Waxing philosophical Charlotte ponders home when the home fire is tended by strangers. Or no one, as is more often the case. Memories resting in a bed of ghosts with no keys to the front door any longer. It is not home without a bed free of hotel aromas and the footsteps of when was I last here? What is home, she thinks, as we listen, if not the place where you are most comfortable? Even, as it is now, Christmas Eve, these thoughts invade her mind, curtailing any notion of Jack Frost and Bing Crosby. But I was never comfortable here. Never. Like that old oak tree surrounded by maples behind Papaw’s place I didn’t fit in and when I did it was because we were all covered in the same stuff that makes all small-town people look the same. Small. Too harsh, she thinks. I know some great people here. Tired. That sounds better.

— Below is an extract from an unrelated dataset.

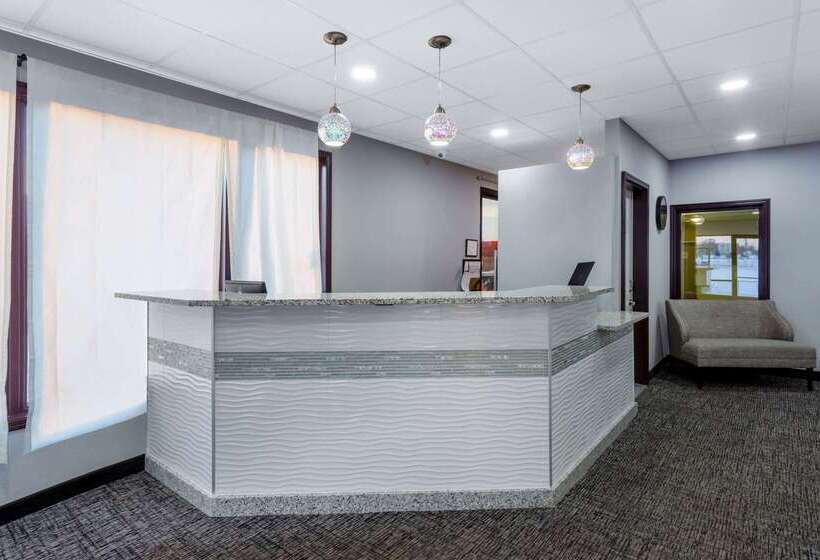 ホテル Baymont By Wyndham Rochester Mayo Clinic Area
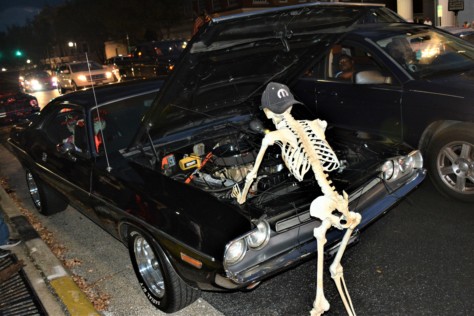 hot-rodders-cruise-into-halloween-in-3rd-annual-spooky-cruz-in-uptown-lexington-2018-10-24_17-47-40_520566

Back to snow she goes as the windshield wipers keep time without keeping the flakes at bay. Her car, like the old oak she personified casually, looks like all others covered in snow on a lonely back road of state road numeracy. She comes around corners slowly, avoiding the brakes as any snow driver knows, while gently turning the wheel. No white knuckles here. Her Alabama plates deceive when it comes to winter driving. Eighteen years in Kentucky, just south of Ohio, teaches a mild respect for winter hatefulness. She tunes the radio for no reason, knowing as she does, twangs, thongs, and thangs are all she’ll hear in these hollows. If that much.

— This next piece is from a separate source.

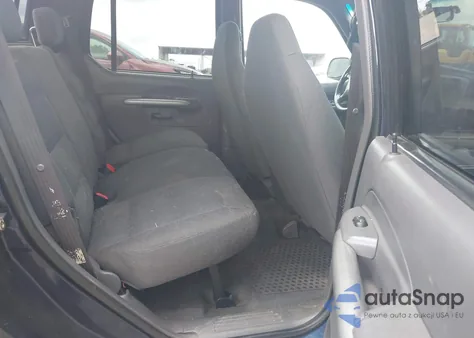 2002 Ford Explorer Sport Trac z USA, uszkodzony, nr VIN 1FMZU67E82UD38060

A skid comes up from the road, invades her tires, twisting them like weak metal as she grips hard, turns into the sly skid, avoids her brakes, and cusses aloud. As if any other cussing is as relieving to one’s emotions. Physics is a cruel navigator as it drops her passenger tires, rear then front, into a ditch. She slams the steering wheel with her hand, cussing more loudly and wondering why the fuck exactly (her words, not mine) she was coming back home anyway. She grabs her cell but we know what she finds, no bars at all. The headlights illumine fat flakes falling silent and uncaring as she races through her mind for options. I could walk. And probably die. I could sit. And probably die. I could push the car, slip, break my knee, and probably die. Charlotte suffered from a lack of faith uncontested; faith in the rigid failure of all her ideas. She was assured of the misaligned stars dancing above. The world punishing for some prior-life crime, which, in its infinite ledger of rights and wrongs, saw fit to never reveal to her, much less forgive.

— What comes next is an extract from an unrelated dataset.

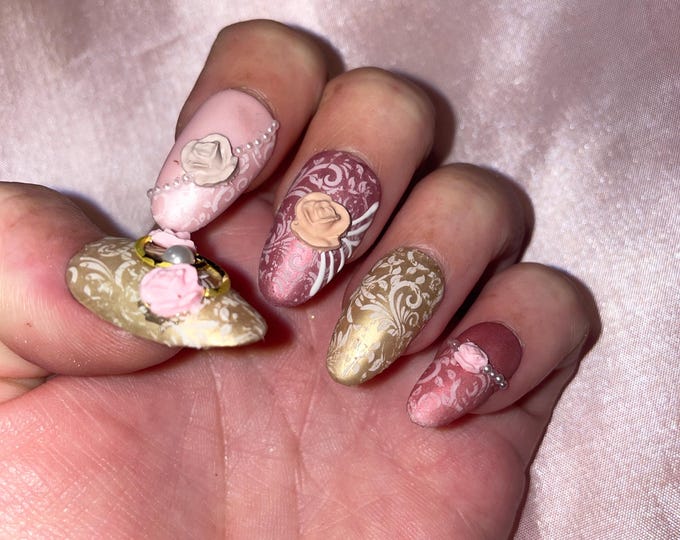 28 pieces. Satin gold, pink, and copper. Small flowers, lace, and gold embellishments. Reusable. Press-on nails, false nails. Satin finish.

Flashes of light stand out in a snowy, ill-fated night and now was no exception. Charlotte turned sharp from side to side, as if the options she entertained were standing around the car, listless shadows in a dark night longing to be noticed and agreed upon. Nothing was found suitable so she sat listening to a twangy lament of drunken love and poverty while hoping her instincts about freezing to death were unfounded paranoia brought on by a lifelong obsession with worst case scenarios.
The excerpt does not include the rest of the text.